» WHAT IS BEING ASKED
Reproduce each line of the entries that carries "Large".

Collected data
== Segment start ==

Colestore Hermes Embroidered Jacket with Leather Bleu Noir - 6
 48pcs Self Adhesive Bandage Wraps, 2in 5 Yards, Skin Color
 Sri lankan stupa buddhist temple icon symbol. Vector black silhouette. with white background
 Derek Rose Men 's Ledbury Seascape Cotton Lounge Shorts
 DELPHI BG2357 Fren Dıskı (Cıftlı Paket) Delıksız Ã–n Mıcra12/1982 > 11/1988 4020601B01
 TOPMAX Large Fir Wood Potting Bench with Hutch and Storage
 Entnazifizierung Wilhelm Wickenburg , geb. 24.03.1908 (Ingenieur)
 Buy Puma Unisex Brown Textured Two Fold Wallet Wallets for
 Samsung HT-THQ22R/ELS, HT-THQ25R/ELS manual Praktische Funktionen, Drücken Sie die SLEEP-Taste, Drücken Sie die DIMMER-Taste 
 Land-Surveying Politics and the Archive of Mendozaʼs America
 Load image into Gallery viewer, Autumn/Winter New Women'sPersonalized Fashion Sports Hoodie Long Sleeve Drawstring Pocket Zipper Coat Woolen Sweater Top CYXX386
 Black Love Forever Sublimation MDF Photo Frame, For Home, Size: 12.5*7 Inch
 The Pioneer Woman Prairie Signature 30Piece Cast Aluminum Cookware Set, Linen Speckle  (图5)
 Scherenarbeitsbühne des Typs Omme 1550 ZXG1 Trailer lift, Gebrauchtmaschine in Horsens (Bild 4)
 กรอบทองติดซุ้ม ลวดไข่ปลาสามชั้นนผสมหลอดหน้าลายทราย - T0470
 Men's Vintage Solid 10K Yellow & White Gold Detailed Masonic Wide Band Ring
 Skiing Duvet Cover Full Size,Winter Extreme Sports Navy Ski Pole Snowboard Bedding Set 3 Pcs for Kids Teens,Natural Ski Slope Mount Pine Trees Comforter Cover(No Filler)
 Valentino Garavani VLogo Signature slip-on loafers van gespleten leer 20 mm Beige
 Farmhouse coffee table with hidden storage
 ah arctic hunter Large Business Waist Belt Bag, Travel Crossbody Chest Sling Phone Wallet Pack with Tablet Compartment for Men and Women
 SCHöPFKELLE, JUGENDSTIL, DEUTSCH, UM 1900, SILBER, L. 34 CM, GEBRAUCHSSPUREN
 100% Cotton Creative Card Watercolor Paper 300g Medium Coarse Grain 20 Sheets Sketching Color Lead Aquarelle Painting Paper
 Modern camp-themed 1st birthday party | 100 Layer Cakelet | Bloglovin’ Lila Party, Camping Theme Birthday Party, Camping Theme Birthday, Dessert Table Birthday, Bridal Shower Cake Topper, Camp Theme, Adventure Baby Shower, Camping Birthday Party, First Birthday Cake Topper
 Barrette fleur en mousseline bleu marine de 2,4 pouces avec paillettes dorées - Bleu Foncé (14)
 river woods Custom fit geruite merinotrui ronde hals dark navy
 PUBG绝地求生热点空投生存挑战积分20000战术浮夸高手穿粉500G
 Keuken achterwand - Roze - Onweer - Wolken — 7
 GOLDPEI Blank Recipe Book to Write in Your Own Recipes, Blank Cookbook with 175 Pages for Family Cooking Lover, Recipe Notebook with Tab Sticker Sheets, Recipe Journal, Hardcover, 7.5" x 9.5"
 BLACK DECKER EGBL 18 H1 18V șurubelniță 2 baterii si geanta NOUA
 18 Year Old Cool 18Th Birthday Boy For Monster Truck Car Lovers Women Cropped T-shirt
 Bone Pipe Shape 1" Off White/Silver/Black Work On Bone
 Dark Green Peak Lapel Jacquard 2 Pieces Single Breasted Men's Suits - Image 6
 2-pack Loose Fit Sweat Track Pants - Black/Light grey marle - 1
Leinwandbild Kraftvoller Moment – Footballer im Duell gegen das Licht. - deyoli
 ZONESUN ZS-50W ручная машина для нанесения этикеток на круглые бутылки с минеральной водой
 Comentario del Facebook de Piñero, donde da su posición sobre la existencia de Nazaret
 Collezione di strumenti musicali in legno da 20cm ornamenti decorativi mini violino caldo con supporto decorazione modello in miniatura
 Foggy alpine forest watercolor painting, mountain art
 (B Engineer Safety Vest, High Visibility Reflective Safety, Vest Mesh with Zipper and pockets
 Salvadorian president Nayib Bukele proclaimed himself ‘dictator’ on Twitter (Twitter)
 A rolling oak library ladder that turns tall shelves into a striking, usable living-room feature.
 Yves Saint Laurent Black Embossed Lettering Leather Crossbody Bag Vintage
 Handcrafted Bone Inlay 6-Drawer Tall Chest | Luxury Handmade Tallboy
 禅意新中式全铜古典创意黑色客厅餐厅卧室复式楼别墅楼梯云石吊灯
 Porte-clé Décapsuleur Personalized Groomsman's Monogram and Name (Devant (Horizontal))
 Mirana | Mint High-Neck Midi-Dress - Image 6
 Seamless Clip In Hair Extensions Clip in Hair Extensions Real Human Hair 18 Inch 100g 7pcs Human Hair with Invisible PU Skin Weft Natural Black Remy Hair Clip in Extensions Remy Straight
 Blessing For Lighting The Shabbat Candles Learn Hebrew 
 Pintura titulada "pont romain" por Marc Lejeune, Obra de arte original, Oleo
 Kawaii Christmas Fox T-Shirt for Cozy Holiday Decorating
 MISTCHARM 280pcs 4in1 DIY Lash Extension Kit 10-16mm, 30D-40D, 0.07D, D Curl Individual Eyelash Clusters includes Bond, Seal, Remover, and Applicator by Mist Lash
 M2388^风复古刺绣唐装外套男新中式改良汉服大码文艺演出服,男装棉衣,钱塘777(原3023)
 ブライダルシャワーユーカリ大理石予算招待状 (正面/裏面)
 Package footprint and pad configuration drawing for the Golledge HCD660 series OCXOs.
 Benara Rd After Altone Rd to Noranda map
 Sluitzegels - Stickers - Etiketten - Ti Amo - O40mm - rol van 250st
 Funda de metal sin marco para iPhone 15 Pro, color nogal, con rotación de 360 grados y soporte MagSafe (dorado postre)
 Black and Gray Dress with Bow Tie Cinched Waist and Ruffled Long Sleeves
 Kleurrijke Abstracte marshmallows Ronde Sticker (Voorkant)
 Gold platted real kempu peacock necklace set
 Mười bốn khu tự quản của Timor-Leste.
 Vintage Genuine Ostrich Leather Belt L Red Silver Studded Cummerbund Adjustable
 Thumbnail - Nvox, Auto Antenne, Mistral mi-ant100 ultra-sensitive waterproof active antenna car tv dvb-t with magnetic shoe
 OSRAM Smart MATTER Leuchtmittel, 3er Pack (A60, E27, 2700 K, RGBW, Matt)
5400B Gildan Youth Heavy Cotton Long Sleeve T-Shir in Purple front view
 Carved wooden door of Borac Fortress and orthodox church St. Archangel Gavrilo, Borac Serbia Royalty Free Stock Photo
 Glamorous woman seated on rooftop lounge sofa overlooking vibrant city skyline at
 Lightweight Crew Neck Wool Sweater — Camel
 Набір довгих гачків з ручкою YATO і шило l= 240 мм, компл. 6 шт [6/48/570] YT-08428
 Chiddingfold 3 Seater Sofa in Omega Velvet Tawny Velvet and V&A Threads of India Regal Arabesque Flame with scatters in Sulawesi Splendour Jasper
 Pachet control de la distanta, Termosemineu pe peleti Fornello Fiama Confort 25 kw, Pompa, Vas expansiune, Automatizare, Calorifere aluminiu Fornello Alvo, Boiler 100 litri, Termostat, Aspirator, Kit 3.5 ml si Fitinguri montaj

== Segment end ==

» TASK RESPONSE
 TOPMAX Large Fir Wood Potting Bench with Hutch and Storage
 ah arctic hunter Large Business Waist Belt Bag, Travel Crossbody Chest Sling Phone Wallet Pack with Tablet Compartment for Men and Women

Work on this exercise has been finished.